• [Task description]: A faithful copy of the data below is required, leaving out every picture.

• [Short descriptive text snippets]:
━━━━━━━━━━

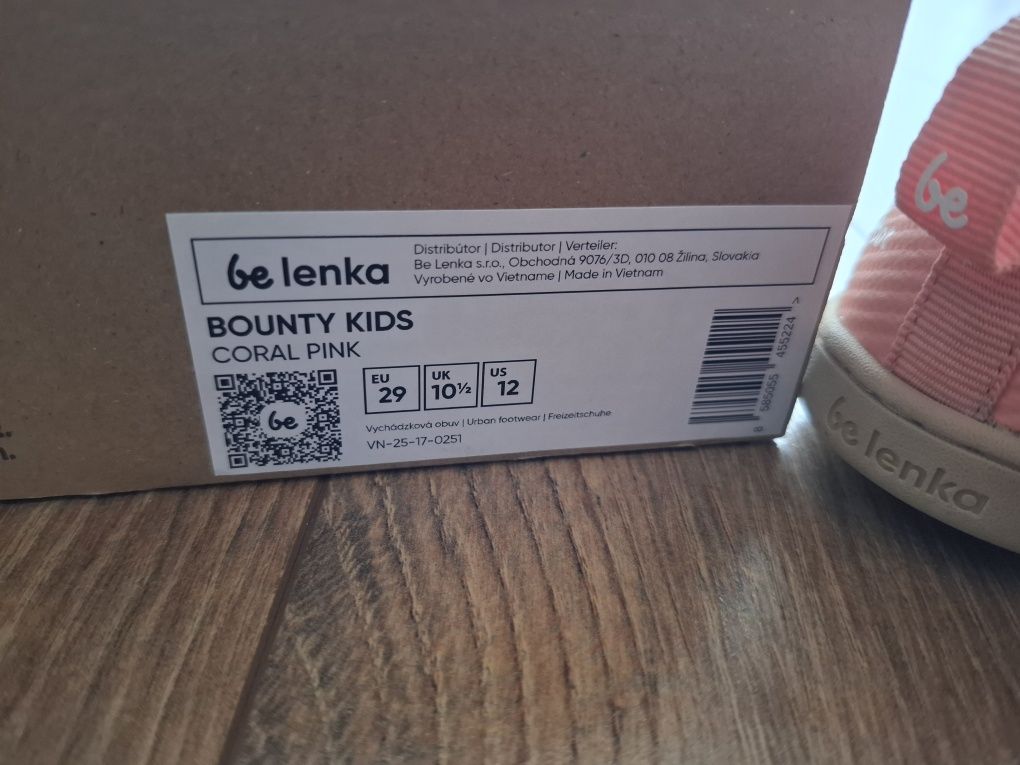 Buty dziecko Be Lenka 29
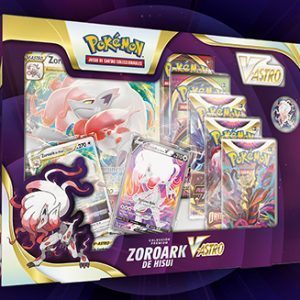Cartas Pokemon Pack Zoroark Premium Collection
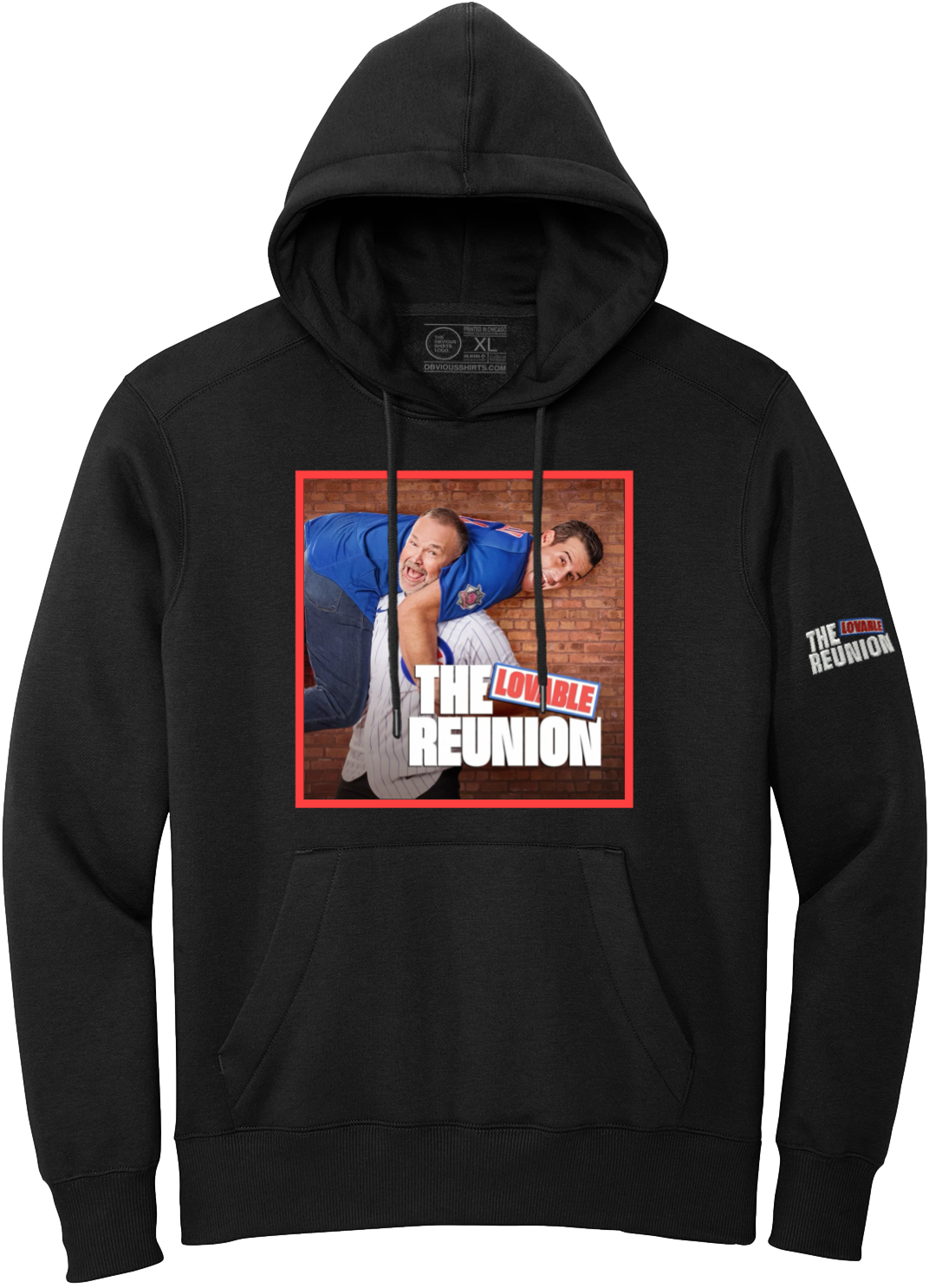 THE LOVABLE REUNION (HOODIE)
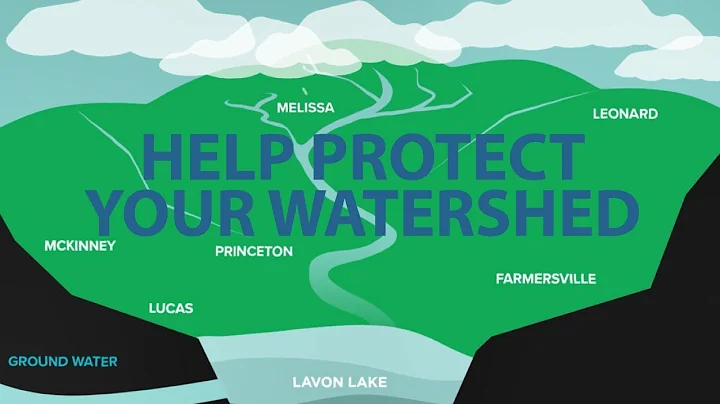 Clean Water Starts with You - Help Protect Your Watershed
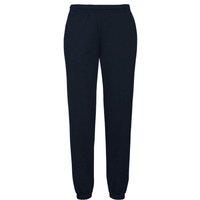 Fruit of the Loom Men's Premium 70 30 Elasticated Jog Pants Jogging Bottoms in Mid Navy | Size: 3XL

━━━━━━━━━━

• [Exercise output]:
 Buty dziecko Be Lenka 29
Cartas Pokemon Pack Zoroark Premium Collection
 THE LOVABLE REUNION (HOODIE)
 Clean Water Starts with You - Help Protect Your Watershed
 Fruit of the Loom Men's Premium 70 30 Elasticated Jog Pants Jogging Bottoms in Mid Navy | Size: 3XL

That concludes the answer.